WHAT THE TASK REQUIRES:
The expected output is the full data, repeated exactly, without pictures.

THE DATA:

_____

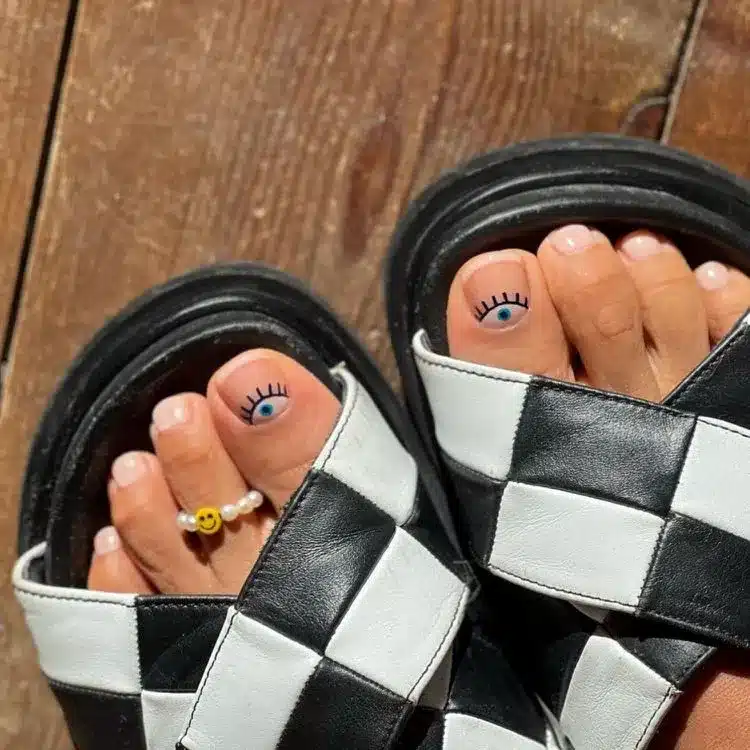 39 Cute Pedicure Ideas for Every Season 33 Nude pedicure with eye nail art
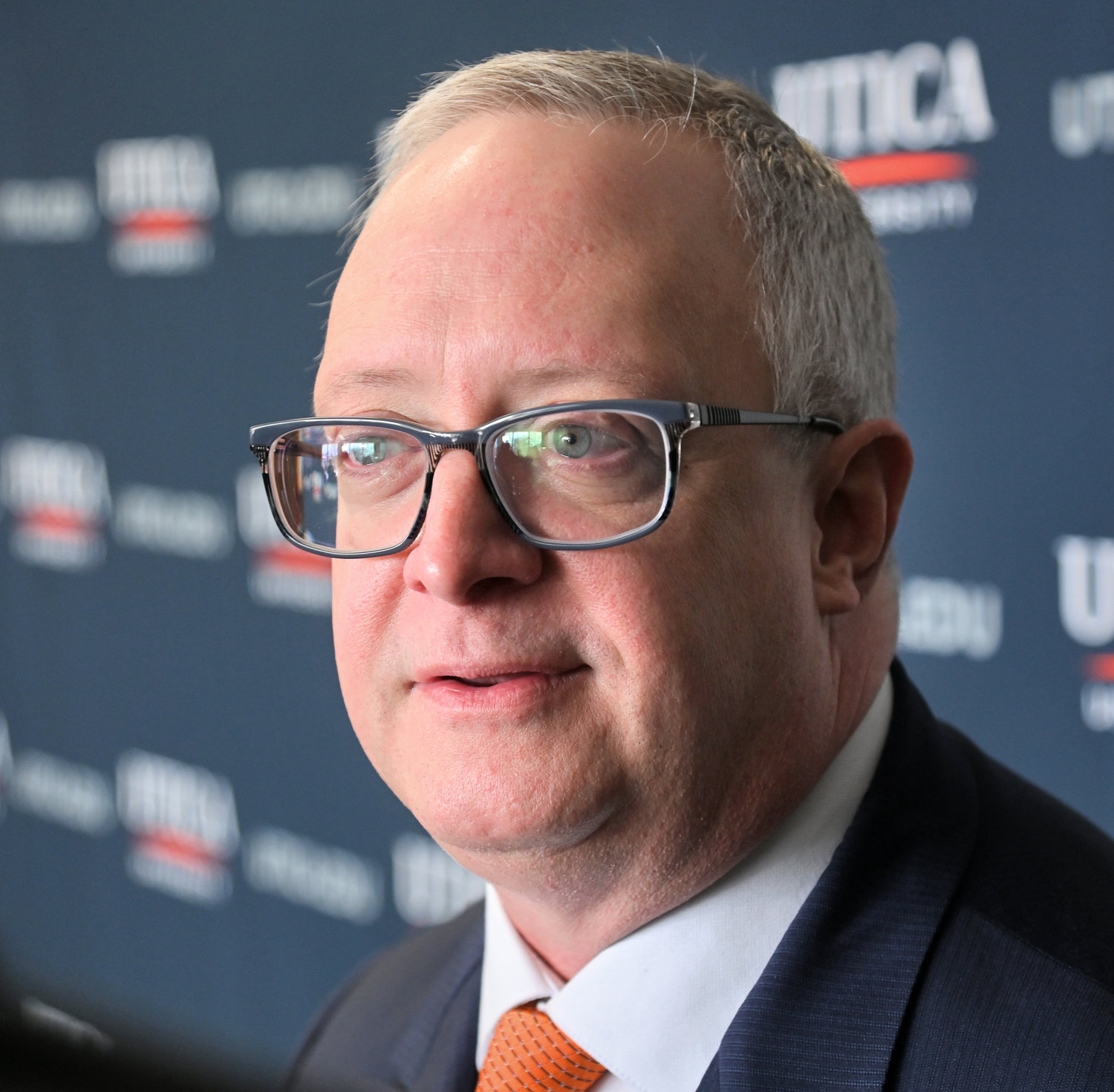 Todd Pfannestiel listens to questions Monday, Feb. 27 during the announcement of his selection as the 10th president of Utica University.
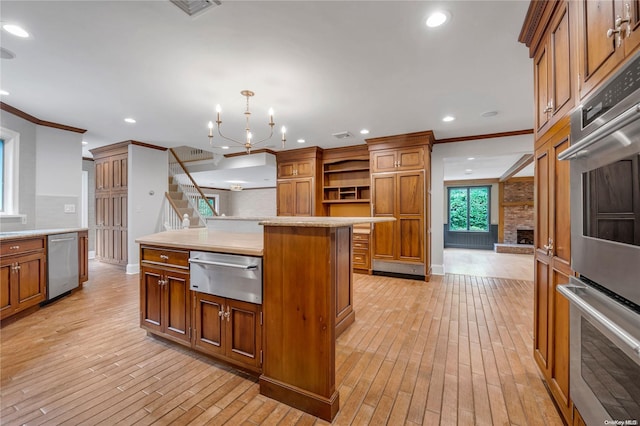 kitchen with a fireplace, an inviting chandelier, stainless steel appliances, and light hardwood / wood-style flooring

_____

WORKED SOLUTION:
 39 Cute Pedicure Ideas for Every Season 33 Nude pedicure with eye nail art
 Todd Pfannestiel listens to questions Monday, Feb. 27 during the announcement of his selection as the 10th president of Utica University.
 kitchen with a fireplace, an inviting chandelier, stainless steel appliances, and light hardwood / wood-style flooring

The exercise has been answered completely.